Until last fall, Mexico had relied on an appointment system, whereby the country's federal judicial council filled vacancies based on criteria that considered merit and experience.
The country's first-ever attempt at a fully democratic vote to decide its judiciary system has met with both excitement and consternation.
In August 2024, then-U.S. Ambassador to Mexico Ken Salazar issued a statement cautioning Mexico's congress over the types of reforms they were considering.
Former Mexican President Andrés Manuel López Obrador, who frequently clashed with Mexican judges, has been a proponent of the changes.
In September 2024, Mexico's congress approved a series of reforms. In addition to moving to a popular vote for selecting judges, the reforms reduced the number of Supreme Court seats from 11 to nine, halved the necessary work experience to five years, and did away with a requirement for judge candidates to be at least 35 years old.
Obrador's party, the left-wing populist Morena Party, championed these reforms.

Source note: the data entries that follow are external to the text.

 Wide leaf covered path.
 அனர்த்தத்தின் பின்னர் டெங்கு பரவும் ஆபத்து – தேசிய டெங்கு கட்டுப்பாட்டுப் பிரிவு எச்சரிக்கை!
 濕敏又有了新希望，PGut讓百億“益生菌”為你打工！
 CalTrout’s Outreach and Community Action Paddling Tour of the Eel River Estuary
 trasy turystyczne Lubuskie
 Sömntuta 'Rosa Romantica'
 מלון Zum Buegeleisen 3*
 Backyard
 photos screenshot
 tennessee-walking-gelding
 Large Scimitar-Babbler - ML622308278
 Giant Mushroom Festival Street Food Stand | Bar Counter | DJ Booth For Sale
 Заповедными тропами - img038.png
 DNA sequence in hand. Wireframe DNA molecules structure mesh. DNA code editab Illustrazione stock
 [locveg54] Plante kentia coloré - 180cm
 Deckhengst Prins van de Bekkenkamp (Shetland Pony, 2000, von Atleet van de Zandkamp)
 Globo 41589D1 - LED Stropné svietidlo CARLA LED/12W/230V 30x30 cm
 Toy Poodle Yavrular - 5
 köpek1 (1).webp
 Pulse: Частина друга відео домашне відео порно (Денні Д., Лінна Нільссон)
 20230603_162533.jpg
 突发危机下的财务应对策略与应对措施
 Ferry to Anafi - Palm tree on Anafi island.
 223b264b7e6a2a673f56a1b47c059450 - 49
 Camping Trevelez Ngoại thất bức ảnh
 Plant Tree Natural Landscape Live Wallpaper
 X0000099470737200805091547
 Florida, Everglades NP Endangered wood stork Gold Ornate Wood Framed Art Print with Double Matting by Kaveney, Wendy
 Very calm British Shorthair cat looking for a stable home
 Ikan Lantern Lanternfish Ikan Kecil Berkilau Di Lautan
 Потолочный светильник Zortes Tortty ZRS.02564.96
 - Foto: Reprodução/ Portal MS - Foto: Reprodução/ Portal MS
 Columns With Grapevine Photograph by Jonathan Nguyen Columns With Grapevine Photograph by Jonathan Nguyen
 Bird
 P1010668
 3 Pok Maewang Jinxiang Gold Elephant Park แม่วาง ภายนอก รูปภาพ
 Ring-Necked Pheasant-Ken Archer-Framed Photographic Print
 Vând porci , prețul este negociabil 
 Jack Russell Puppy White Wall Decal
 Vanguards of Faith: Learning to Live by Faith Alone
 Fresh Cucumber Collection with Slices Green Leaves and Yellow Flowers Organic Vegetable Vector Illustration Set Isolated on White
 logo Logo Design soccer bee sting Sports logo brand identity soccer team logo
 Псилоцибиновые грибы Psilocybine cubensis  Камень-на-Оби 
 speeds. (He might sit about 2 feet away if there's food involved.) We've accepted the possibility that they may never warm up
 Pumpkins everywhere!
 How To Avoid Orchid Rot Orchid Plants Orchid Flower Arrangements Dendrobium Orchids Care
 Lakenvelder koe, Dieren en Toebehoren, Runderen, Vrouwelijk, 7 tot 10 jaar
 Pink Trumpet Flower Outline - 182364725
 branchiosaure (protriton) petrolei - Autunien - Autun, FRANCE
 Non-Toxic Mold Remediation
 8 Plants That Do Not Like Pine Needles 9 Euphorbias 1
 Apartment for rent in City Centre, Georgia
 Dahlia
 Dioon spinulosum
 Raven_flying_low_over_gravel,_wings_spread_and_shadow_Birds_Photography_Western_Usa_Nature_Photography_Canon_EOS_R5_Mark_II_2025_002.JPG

President Claudia Sheinbaum, who is López Obrador's successor and a fellow Morena Party member, has also cheered the proposed changes to the judicial system.
Critics of the reforms have warned the changes will politicize the judiciary, with judges refraining from challenging the edicts of the country's ruling party.
Francisca Pou Giménez, a senior researcher at the National Autonomous University of Mexico, said the reforms send Mexico down the same path as Venezuela, where "the judiciary was subordinated at the beginning by Chavismo, with profound, long-lasting damage to democracy, up to this day.”
During a panel discussion at the Wilson Center in Washington in September 2024, Mexican circuit judge María Amparo Hernández Chong Cuy said she believes the reform process was rushed, and the results worrisome.
Turning the judge selection process into a popular vote has also fueled concerns about the types of candidates who could soon fill seats in the courts.
“What I can promise you is I’ll be an impartial judge,” she told voters during a recent campaign stop in Ciudad Juarez, a city that sits across the border from El Paso, Texas.
The election rules prohibit political parties from endorsing, criticizing, advertising for, or otherwise attempting to financially support judge candidates. The candidates must instead self-finance their campaigns, and face constraints with when and how they may promote their campaigns.
Candidates cannot purchase advertising time on television and radio stations. They also cannot pay for online advertisements, but can spread their campaign messaging on social networks.
Opponents of the judicial election process have urged their fellow citizens to boycott the vote.